Even before Obama sets foot in town, he has earned the praise of fire chief Bob Floming. Floming looks forward to the day this fall when the station is scheduled to open and he can fit all of their equipment inside instead of having to use a pole barn to hold the volunteer department's three big rigs.
"I credit him for it, I really do," Floming said of Obama.
And there's a constant reminder for anyone who doesn't.
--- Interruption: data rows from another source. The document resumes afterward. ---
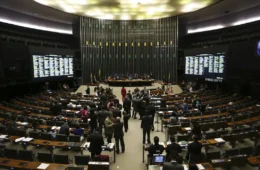 Crise do STF ameaça contaminar Congresso, e parlamentares temem vazamentos generalizados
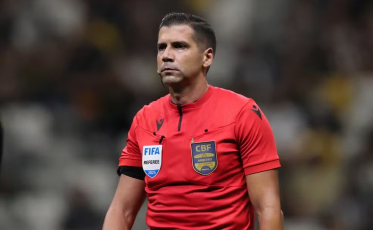 Bruno Arleu de Araújo apita Criciúma x Avaí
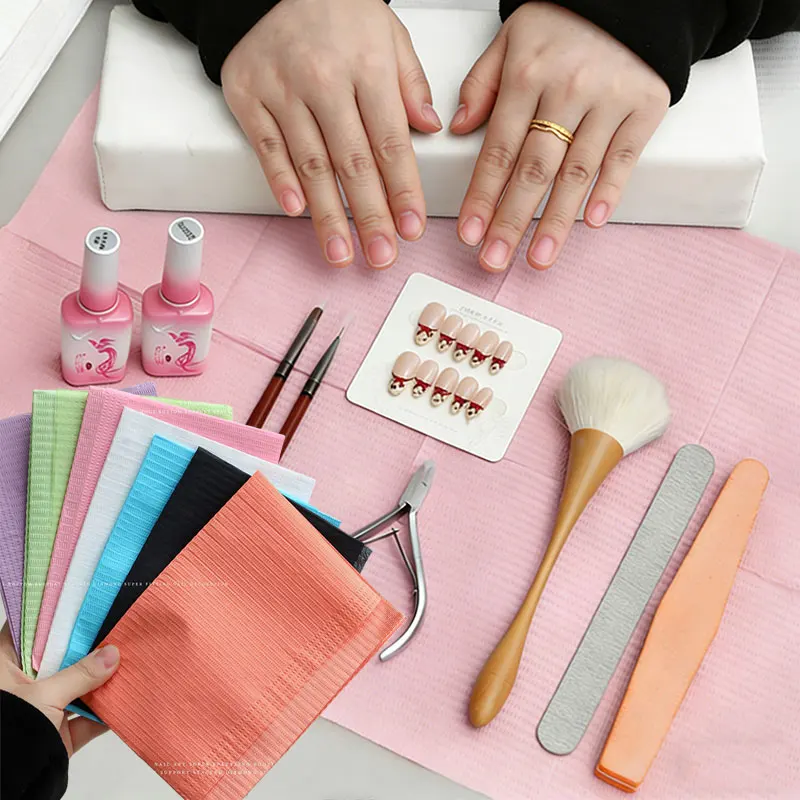 

20 Pcs 3-Ply Disposable Nail Art Table Mat Waterproof Nail Practice Clean Pads Nail Armrest Cushion Manicure Tattoo Accessories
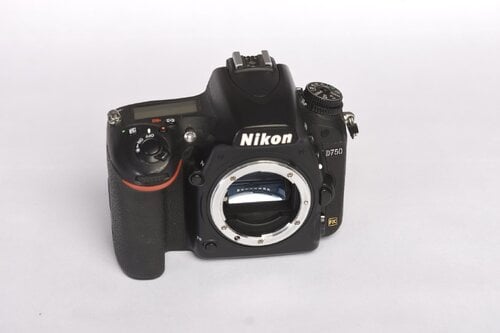 Περισσότερες πληροφορίες για "Πωλούνται διάφορα Nikon πράγματα Dji drone και διάφορα αξεσουάρ."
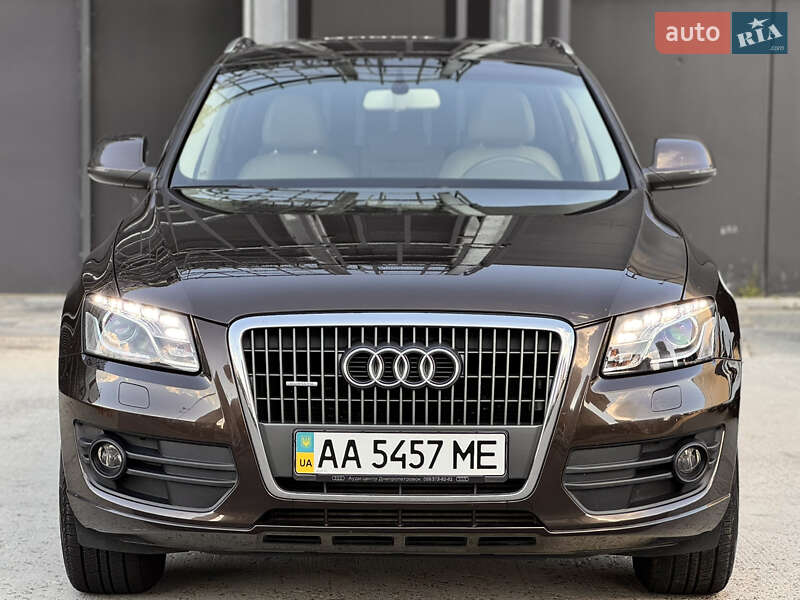 Позашляховик / Кросовер Audi Q5 2011 в Києві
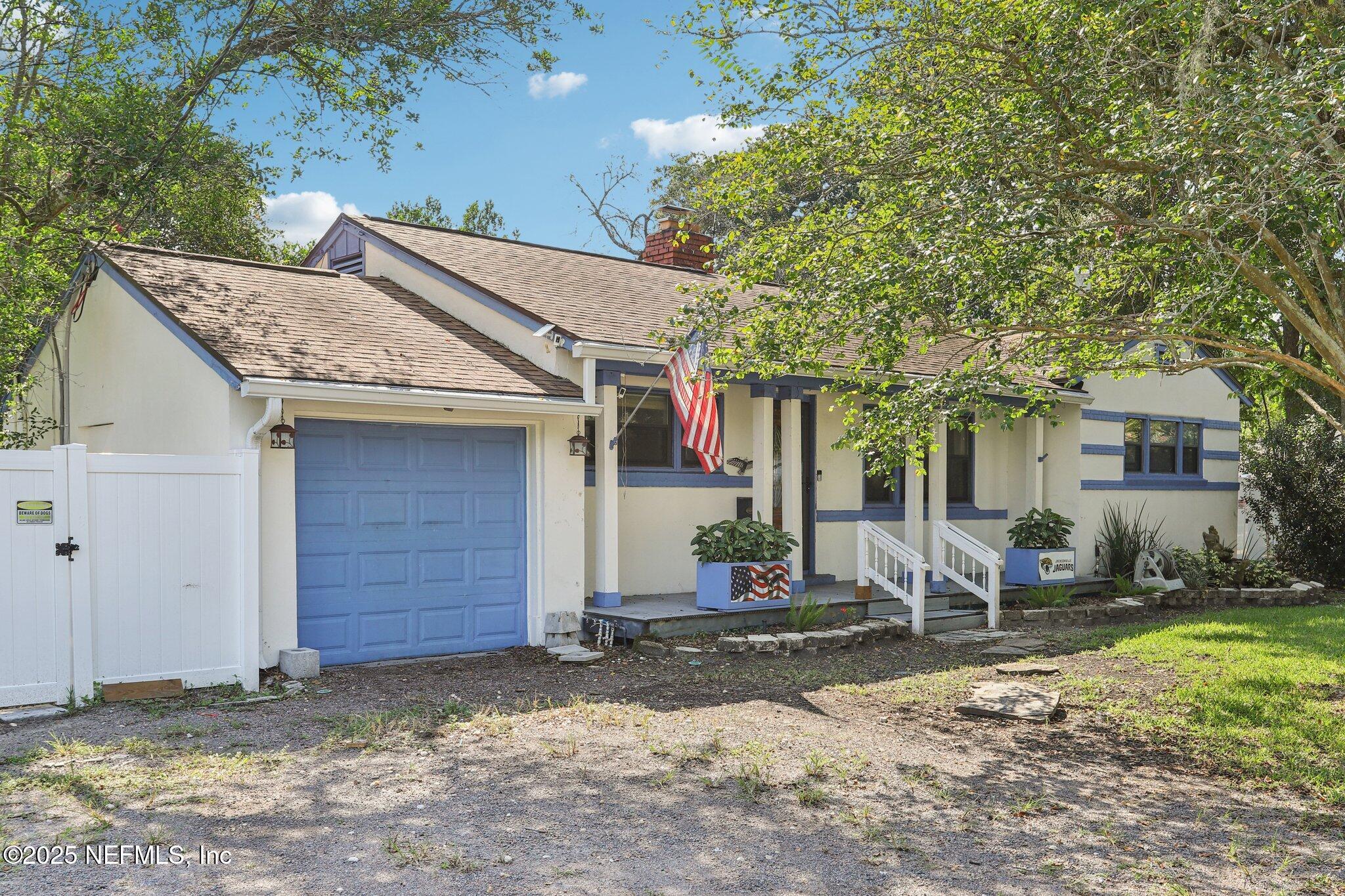 4251 PINEWOOD Avenue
The construction site on one of the town's main drags is adorned with a sign reminding residents where most of the money came from: "Project funded by the American Recovery and Reinvestment Act." Floming said the fire department also raised an additional $500,000.
Although Roxie Diericx, who works at a corner bar in downtown Atkinson, called Obama's visit a "one in a lifetime thing," she said some people in town don't give him credit for the new fire station, which she called a terrific addition.
"They think that, you know, well, look who's paying for it, we're still paying for it," she said.
Obama has endured withering criticism from some Republicans, especially those hopefuls who want his job next year, over his handling of the economy and the big spending in the stimulus program. A showdown in Congress, where Republicans control the U.S. House, resulted in deep cuts to federal spending in a deal over the nation's debt.
Atkinson and the even smaller community of Alpha about 40 miles away, where Obama will hold his second town hall on Wednesday, are in Republican-leaning Henry County, a corn and soybean-rich area about 150 miles from Chicago.
Obama carried the county in 2008 but it voted solidly Republican last year for Illinois governor and for Obama's former U.S. Senate seat. The county also is the territory of two freshman Republican congressmen who were swept into office last year on the GOP wave that cost Democrats control of the House. But Illinois' congressional district lines have since been changed to make it less favorable for the GOP in a Democrat-controlled remap that is being challenged in federal court.
Henry County is also doing better when it comes to jobs than the rest of Illinois, which had a 9.2 percent unemployment rate in June compared to 6.9 percent in Henry County.
Atkinson veterinarian Carl Brinkmann plans to attend Obama's town hall, although he said he didn't vote for him in 2008 and won't vote for him in 2012.
"I'm excited for the people that are excited," Brinkmann said of Obama's visit, "but this debt is just nuts and I don't think he understands that yet."
Brinkmann doubts Obama will get any tough questions at the Atkinson town hall.
"This is touted as a, you know, what-the-American-people-think tour but frankly, you know, everybody knows it's a political tour," he said.